In the set cover problem we are given a collection of $m$ sets whose
union covers $[n] = \{1,\ldots,n\}$ and must find a minimum-sized subcollection
whose union still covers $[n]$. We investigate the approximability of set cover
by an approximation ratio that depends only on $m$ and observe that, for any
constant $c < 1/2$, set cover cannot be approximated to within
$O(2^{\log^{1-1/(\log\log m)^c} m})$ unless SAT can be decided in slightly
subexponential time.
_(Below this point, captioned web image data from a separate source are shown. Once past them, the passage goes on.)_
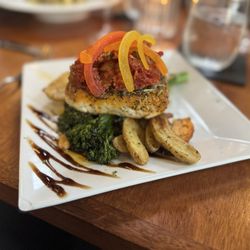 Fresh Catch of the Day: halibut with broccolini, fingerling potatoes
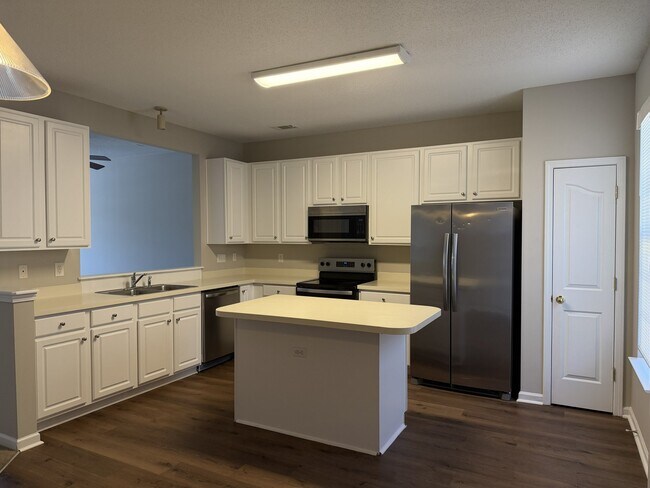Building Photo - 113 Cirrus Ct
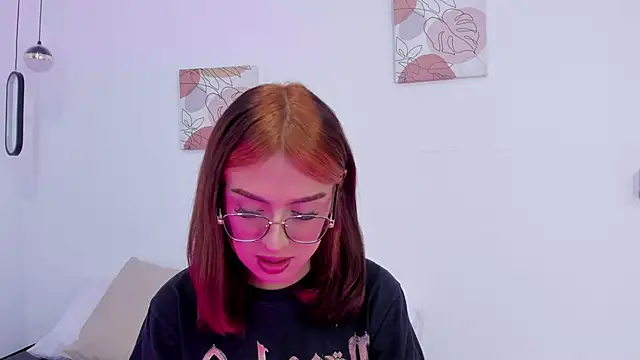Snapshot of samantha__fairy chatting on February 2025 02:58:01 PM samantha fairy online show from February 2025 02:58:01 PM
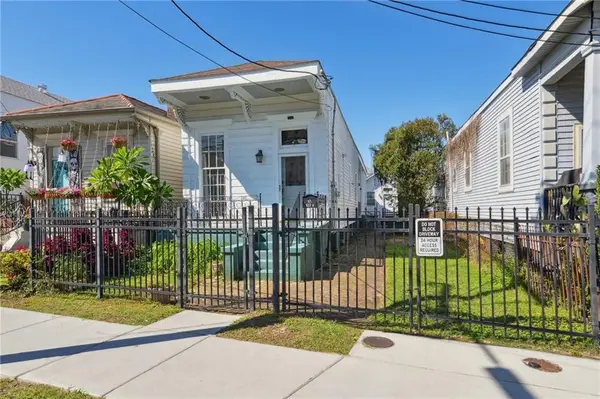 527 S Galvez Street, New Orleans, LA 70119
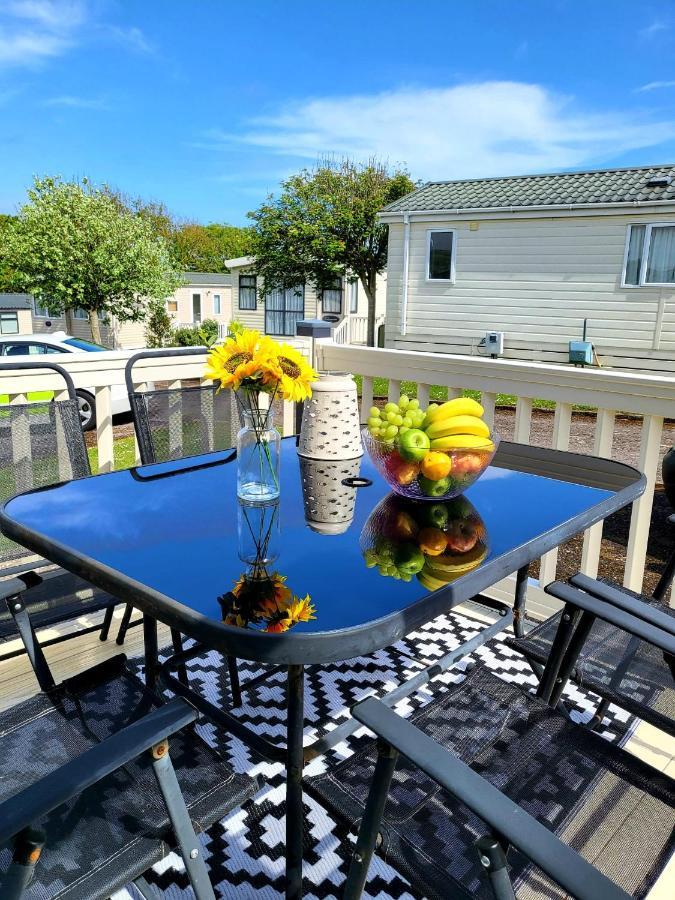 Luxury Woodland Retreat Holiday Home - Shorefield Country Park Downton  Экстерьер фото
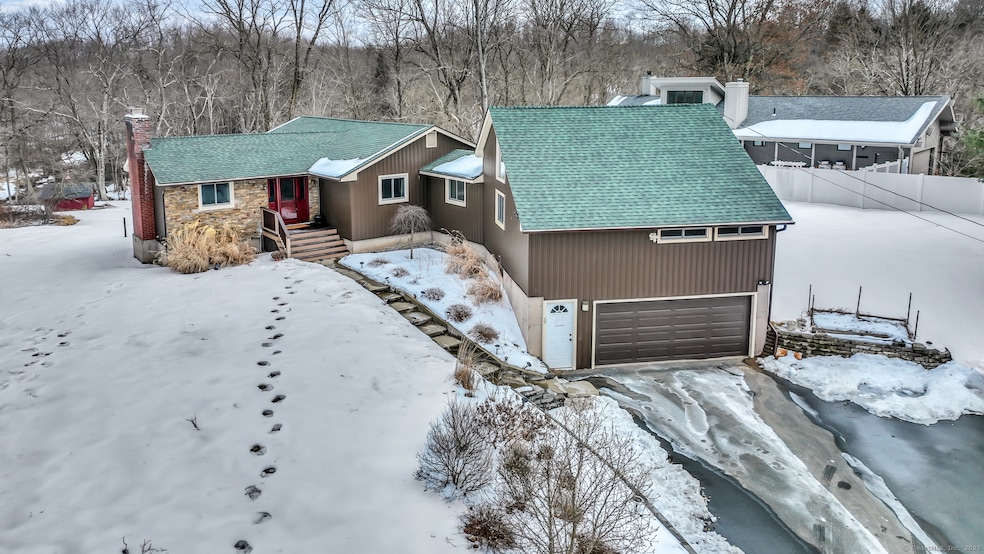 33 Cemetery Rd, East Windsor, CT 06088 - photo 1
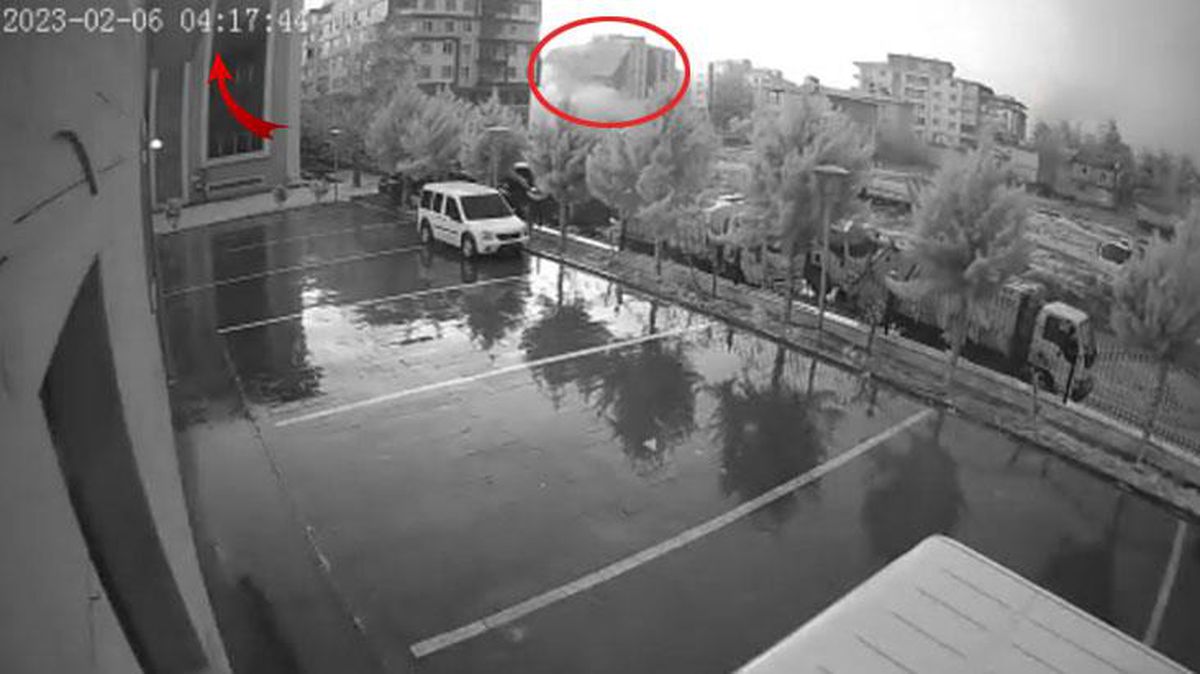 Asrın felaketinden yeni görüntüler! Gece gündüze döndü, bina saniyeler içinde çöktü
The main ingredients in the observation are the
$\Omega(\log n)$ hardness of approximation proof of Lund and Yannakakis and a
hardness result for label cover due to Dinur and Safra.

### Paper:

TR07-105 | 21st September 2007 00:00

#### A Note on Set Cover Inapproximability Independent of Universe Size

TR07-105
Authors: Jelani Nelson
Publication: 25th October 2007 01:46
In the set cover problem we are given a collection of $m$ sets whose union covers $[n] = \{1,\ldots,n\}$ and must find a minimum-sized subcollection whose union still covers $[n]$. We investigate the approximability of set cover by an approximation ratio that depends only on $m$ and observe that, for any constant $c < 1/2$, set cover cannot be approximated to within $O(2^{\log^{1-1/(\log\log m)^c} m})$ unless SAT can be decided in slightly subexponential time. We conjecture that polynomial time $m^{1-\epsilon}$-approximation is impossible for any $\epsilon > 0$ unless SAT can be decided in subexponential time.